The study population consisted of 3207 patients with HS diagnosed by dermatologists in primary-care centres and 6412 age- and sex-matched control patients without HS. The author found that HS was significantly associated with metabolic syndrome [odds ratio (OR) 1.61, 95% confidence interval (CI) 1.36-1.89], diabetes (OR 1.41, 95% CI 1.19-1.66), obesity (OR 1.71, 95% CI 1.53-1.91), hypertension (OR 1.19, 95% CI 1.03-1.38) and hyperlipidaemia (OR 1.14, 95% CI 1.02-1.28).

The authors concluded that an association between HS and diabetes, hyperlipidaemia, obesity, hypertension and metabolic syndrome among a large community-based cohort of patients with HS was present. Doctors should be aware that patients with HS may have other undiagnosed components of metabolic syndrome and screening should be done accordingly.

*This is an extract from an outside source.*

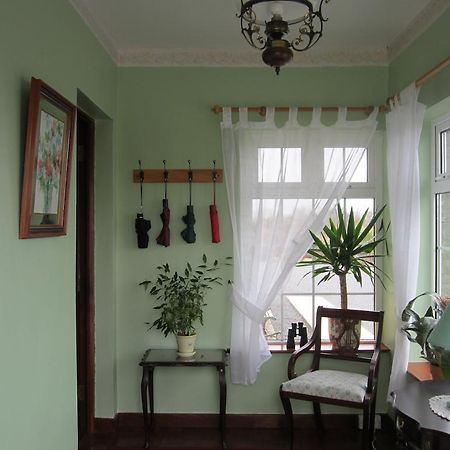 Ocean View B&B คิลลาร์นีย์ ภายนอก รูปภาพ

Omalizumab in patients with chronic spontaneous urticaria: a systematic review and GRADE assessment

Urgert MC, van den Elzen MT, Knulst AC, Fedorowicz Z and van Zuuren EJ.
Br J Dermatol 2015;173:404-15.

Chronic spontaneous urticaria (CSU) is defined as wheals, and/or angio-oedema for longer than six weeks. Sometimes CSU cannot be controlled satisfactorily by H1 antihistamines.

The author assessed the quality of the evidence for the effects of omalizumab in patients with CSU. The PubMed, the Cochrane Database of Systematic Reviews and the Cochrane Central Register of Controlled Trials up till 7 August 2014 were searched. There were three authors independently performing the study selection, risk of bias assessment and data extraction and two authors were responsible for data analysis. Five randomised controlled trials (RCTs), which included 1116 participants, all of which were determined to be of low risk of bias, were studied. After treatment with omalizumab, there was a statistically significant improvement in the disease activity and quality of life when compared with placebo [mean difference (MD) -11.58, 95% confidence interval (CI) -13.39 to -9.77 and MD -13.12, 95% CI-16.30 to -9.95, respectively]. Complete response and partial response were more common after treatment with omalizumab [risk ratio (RR) 6.44, 95% CI 3.95-10.49 and RR 4.08, 95% CI 2.98-5.60, respectively]. No significant difference in the proportion of participants reporting adverse events between the omalizumab and placebo treatment groups (RR 1.05, 95% CI 0.96-1.16) was found.

The authors concluded that there was high-quality evidence to support the efficacy and safety of omalizumab 300 mg monthly for six months for the treatment of CSU.